The outcome of the Second World War was never thereafter in serious doubt. But great delays and difficulties lay ahead in mobilizing America’s industrial might for the battlefield, and in determining by what strategy the Axis was to be crushed. To the relief of the British, President Roosevelt and his Chiefs of Staff at once asserted their acceptance of the principle of ‘Germany first’. They acknowledged that her war-making power was by far the most dangerous and that, following her collapse, Japan must soon capitulate. The war in the Pacific became overwhelmingly the concern of the United States navy. The principal weight of the army’s ground forces, which would grow to a strength of eight million men, was to be directed against Germany and Italy. This decision was confirmed at ARCADIA, the first great Anglo-American conference of the war that began in Washington on 31 December 1941. America committed herself to BOLERO, a programme for a vast build-up of her forces in Britain. Churchill, scribbling his own exuberant hopes for the future during the Atlantic passage to that meeting, speculated on a possible landing in Europe by 40 Allied armoured divisions in the following year: ‘We might hope to win the war at the end of 1943 or 1944.’
3

But in the months after ARCADIA, as the first United States troops and their senior officers crossed to Europe, it was the Americans who began to focus decisively upon an early cross-Channel invasion. The debate that now began, and continued
with growing heat through the next 20 months, reflected ‘an American impatience to get on with direct offensive action as well as a belief, held quite generally in the US War Department, that the war could most efficiently be won by husbanding resources for an all-out attack deliberately planned for a future fixed date. American impatience was opposed by a British note of caution: American faith in an offensive of fixed date was in contrast to British willingness to proceed one step at a time, molding a course of action to the turns of military fortune.’
4
Here, in the words of the American official historian, was the root of the growing division between the Combined Chiefs of Staff throughout 1942 and much of 1943.

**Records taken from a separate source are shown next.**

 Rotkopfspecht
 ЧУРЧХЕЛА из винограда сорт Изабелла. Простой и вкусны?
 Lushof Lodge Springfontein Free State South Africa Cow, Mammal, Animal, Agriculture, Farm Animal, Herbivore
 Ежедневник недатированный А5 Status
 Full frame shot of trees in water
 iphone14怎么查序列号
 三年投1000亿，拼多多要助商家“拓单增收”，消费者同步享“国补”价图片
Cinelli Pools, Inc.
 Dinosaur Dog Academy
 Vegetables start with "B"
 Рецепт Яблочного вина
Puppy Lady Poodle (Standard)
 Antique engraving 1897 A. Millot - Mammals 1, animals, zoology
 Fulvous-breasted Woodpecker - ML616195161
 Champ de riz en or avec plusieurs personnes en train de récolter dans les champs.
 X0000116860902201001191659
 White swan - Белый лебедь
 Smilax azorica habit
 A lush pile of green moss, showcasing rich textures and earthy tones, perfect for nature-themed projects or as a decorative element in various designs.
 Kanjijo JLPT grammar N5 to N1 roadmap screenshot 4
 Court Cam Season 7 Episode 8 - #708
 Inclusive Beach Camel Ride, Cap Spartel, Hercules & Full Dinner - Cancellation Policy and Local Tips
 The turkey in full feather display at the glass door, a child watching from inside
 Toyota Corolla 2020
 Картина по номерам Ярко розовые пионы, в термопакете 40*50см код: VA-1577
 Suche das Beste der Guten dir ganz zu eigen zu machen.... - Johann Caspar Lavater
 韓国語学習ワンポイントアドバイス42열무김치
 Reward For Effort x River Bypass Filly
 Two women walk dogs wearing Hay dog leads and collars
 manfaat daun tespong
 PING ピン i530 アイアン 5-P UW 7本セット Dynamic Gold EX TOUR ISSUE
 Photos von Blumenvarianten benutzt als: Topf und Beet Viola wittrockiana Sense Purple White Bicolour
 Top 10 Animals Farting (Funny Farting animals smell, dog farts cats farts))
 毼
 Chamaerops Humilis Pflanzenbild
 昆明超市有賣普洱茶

At first, American thinking was dominated by fear of a rapid Russian collapse unless the western Allies created, at the very least, a powerful diversion on the continent. ROUNDUP was a plan for an early invasion, with whatever forces were available, which the British speedily took pains to crush. Under strong American pressure, Churchill agreed in principle to the notion of executing ROUNDUP with 48 Allied divisions not later than April 1943. But the British – above all Sir Alan Brooke – privately continued to believe that ROUNDUP neither could nor should take place. Despite their assent to the operation, in the name of Allied solidarity, they began a successful struggle to divert resources towards much more modest – and in their view, more realistic – objectives. In the summer of 1942, the Americans reluctantly acceded to GYMNAST, an operation for the invasion of French North Africa. This was allegedly to be undertaken without prejudice to ROUNDUP, because of well-founded British fears that America would shift the weight of her effort to the Pacific if it became obvious that many months must elapse before major action took place in Europe. But as the BOLERO build-up in Britain fell behind schedule, the desert campaign dragged on without decisive result, and the tragic Dieppe raid demonstrated some of the hazards of cross-Channel operations, it became apparent in Washington as well as in London that there could be no campaign in France in 1943. GYMNAST was
translated into reality by the TORCH landings of November 1942. It was at Casablanca in January 1943 that the Anglo-American leadership met for their second major conference.

This was to be the last meeting at which, by dint of brilliant military diplomacy, the British gained acceptance of their own ideas about the manner in which the war should be pursued. The Americans reluctantly accepted HUSKY, the invasion of Sicily, with the prospect of further operations in Italy. They also undertook a commitment to an even greater combined bomber offensive against Germany, POINTBLANK, designed to ‘weaken Germany’s war-making capacity to the point to which invasion would become possible’.